Neues vom Kult-Karikaturist Gerhard Haderer

Wieder da

© SCHERZ&SCHUND Fabrik

Neues vom Kult-Karikaturist Gerhard Haderer

Der oberösterreichische Karikaturist Gerhard Haderer bringt wieder "Schundheftln" heraus. Nach acht Jahren Pause feiert "Moff" am Freitag Auferstehung. "Es ist ein Ventil", die kurzen Bildsequenzen entstehen meist, wenn er sich am Abend die Nachrichten im Fernsehen ansehe, schildert Haderer den Entstehungsprozess. Am Montag stellte er die frechen Comicstrips mit Kultstatus beim Würstelstand "Warmer Hans" am Linzer Hauptplatz vor.

Bekannt aus der Tageszeitung ÖSTERREICH
Vor acht Jahren endete das erste Moff-Projekt Haderers. 2.800 Mal ging das Schundheftl jeden Monat über die Ladentische, hinzu kamen 1.500 Abonnenten. Nach der langen Pause sind die Comics nun wieder erhältlich. Viele Motive sind eingefleischten Fans auch aus der Tageszeitung "Österreich" gut bekannt: "Fräunbabsi" und ihr grapschender Chef, der leicht dämlich wirkende "Bul" (Pudel) oder der keulenschwingende Höhlenmensch, der sein weibliches Gegenüber mit Schweigen schwer beeindruckt.

Frauen-Offensive zur EM
Die Politik spielt bei Haderer "immer in der Sandkiste": Der "Tlane Gusi" ärgert sich in Kindersprache über den "Tlanen Willi" und tröstet sich damit, dass der "Tlane Woifi" nicht mehr da ist. Angesichts der Wirklichkeit erwartet der Karikaturist, dass im Herbst eine Sondernummer zu dem Thema nötig sein könnte. Die EURO 2008 schlägt sich bei Moff in einer Frauenoffensive der Fußball-Funktionäre nieder, die beispielsweise eine Spielstätte das "Dem Hans Krankl seiner Frau ihr Stadion" taufen.

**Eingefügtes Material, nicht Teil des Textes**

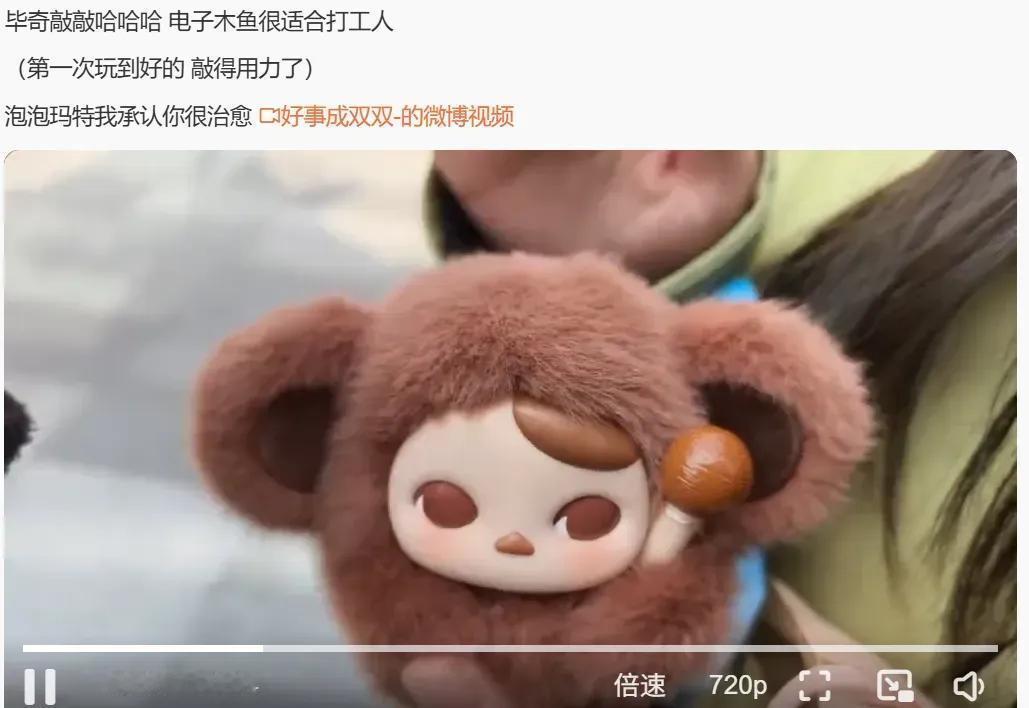 电子木鱼被疯抢，果然只要敢想敢干，就不怕没人买单，尤其做出这个物件的还是labu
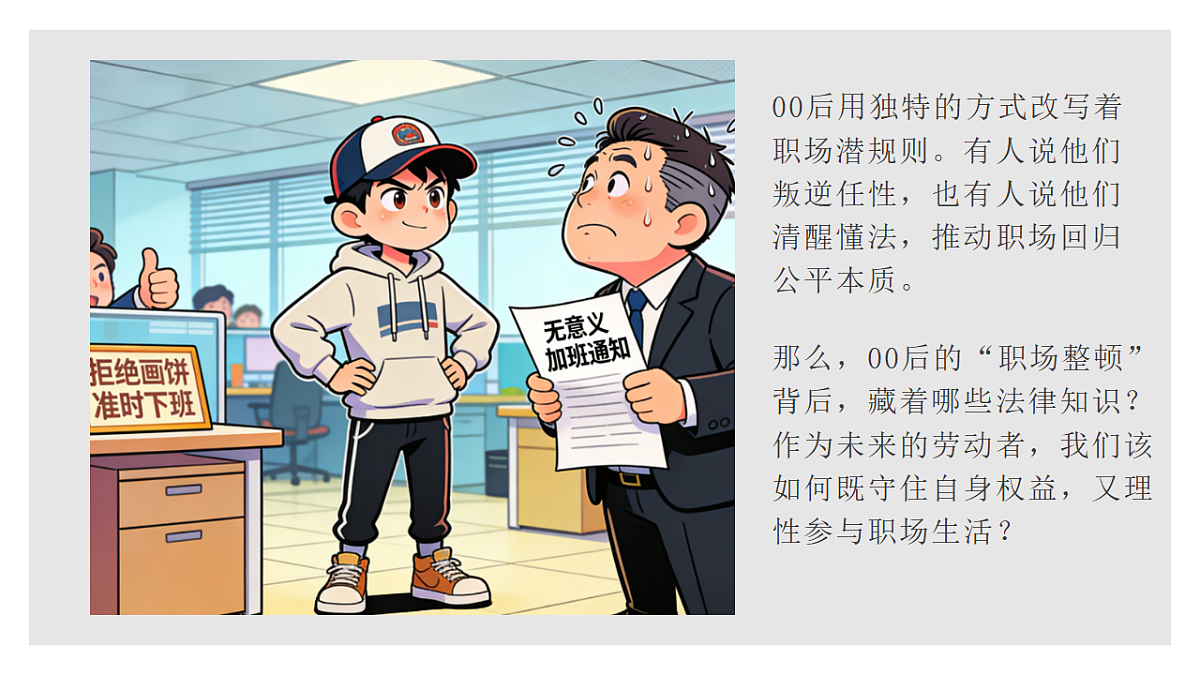 18279394第4页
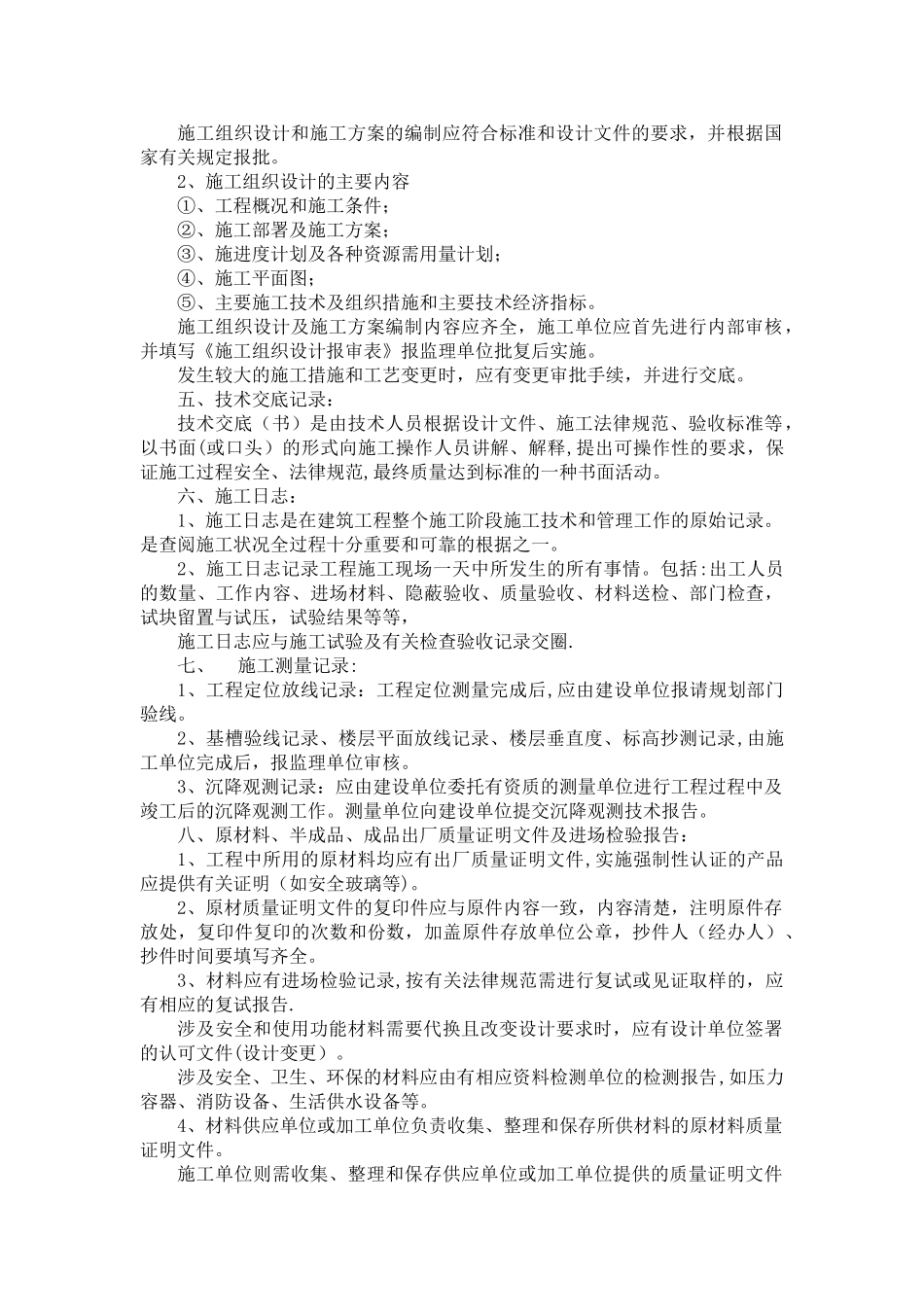 建筑工程施工技术资料管理_第3页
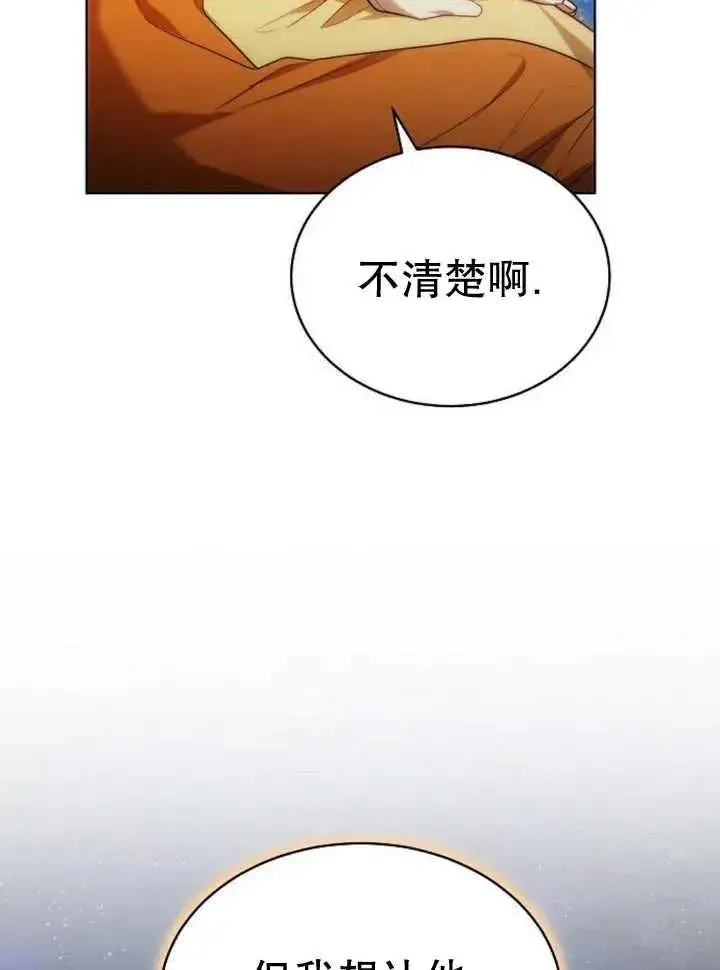 《黑曜石的新娘》第26话图22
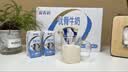 蒙牛新养道优骨无乳糖全脂牛奶200ml*10盒 送礼盒装送礼礼盒 实拍图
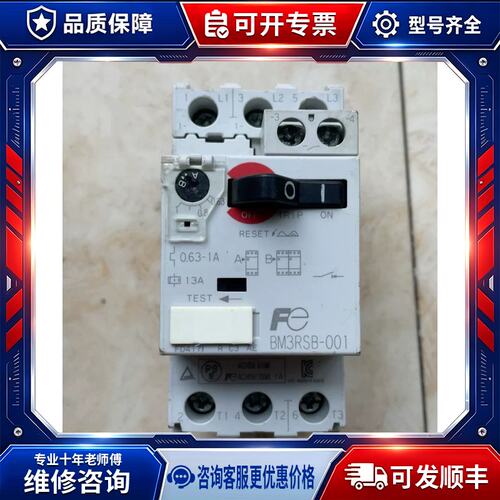 议价马达保护断路器 BM3RSB-001 外观 0.63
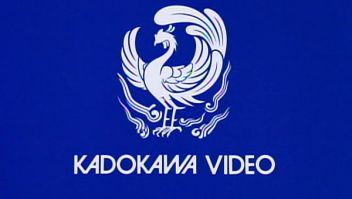 Kadokawa Video (1982)
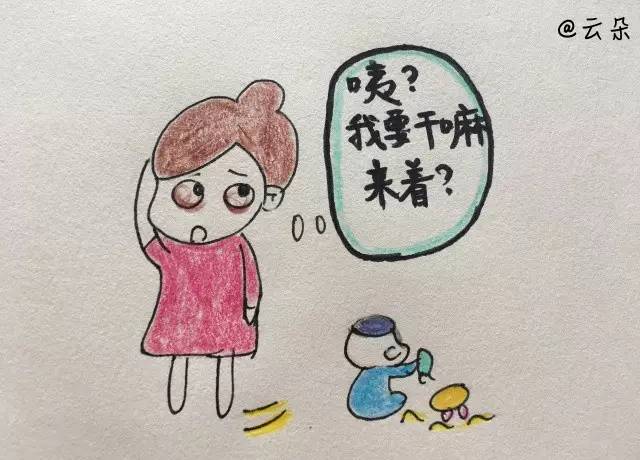 记忆力衰退了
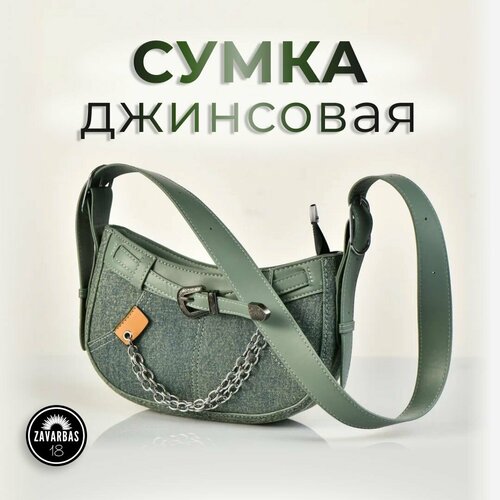 Сумка кросс-боди , зеленый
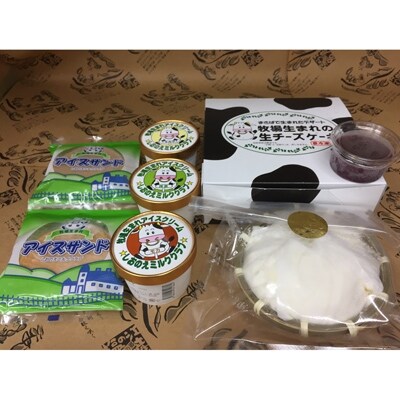 牧場生まれのアイスクリーム・アイスサンド・チーズケーキ満足セット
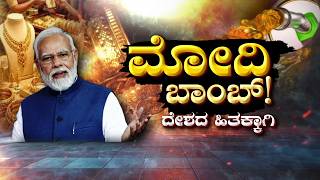 🔴ಮೋದಿ ಬಾಂಬ್‌ ! ದೇಶದ ಹಿತಕ್ಕಾಗಿ | History Repeats Again? Indira Gandhi vs Narendra Modi
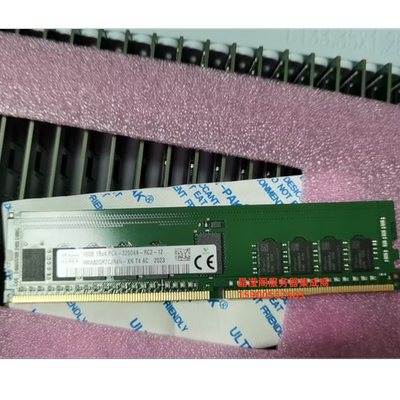 联想 SR588V2 SR590V2 SR668V2服务器内存16G DDR4 3200 ECC REG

Fans aus aller Welt warten
Der Preis für das jeden 18. des Monats erscheinende Schundheftl beträgt übrigens 1,80 Euro, das Jahresabo kostet 18 Euro. Schon vor dem offiziellen Start gibt es 700 Abonnenten, darunter Leser aus ganz Europa, den USA, Kanada und sogar China. Erhältlich ist es in den österreichischen Kiosken und in ausgewählten Vertriebsplätzen wie dem "Warmen Hans". Zum Auftakt gibt es am Donnerstagabend ein Moff-Fest auf dem Schiff "Schönbrunn" im Linzer Hafen, bei dem u.a. Attwenger auftreten und DJ Flip von Texta am Plattenteller steht.

Party beim "Warmen Hans"
Der "Warme Hans" ist nicht nur eine beliebte Anlaufstelle nach einer durchzechten Nacht, hier unterhielten sich schon Papst Johannes Paul II. und Bischof Kurt Krenn beim Würstelessen - zumindest auf einem Haderer-Bild. Nun wird der bekannte Linzer Nachtschwärmer-Treff zur Mini-Galerie: Statt Getränkewerbungen prangt ein Moff-Comic auf der Leuchtreklametafel. "Wir alle gehen gerne fein essen", manchmal habe man aber auch unbändigen Gusto, "eine Buren einzuschneiden", so der Karikaturist. Und Moff sei eben "der Würstelstand des Gerhard Haderer", auch wenn es nicht so viel abwerfe, meinte er augenzwinkernd.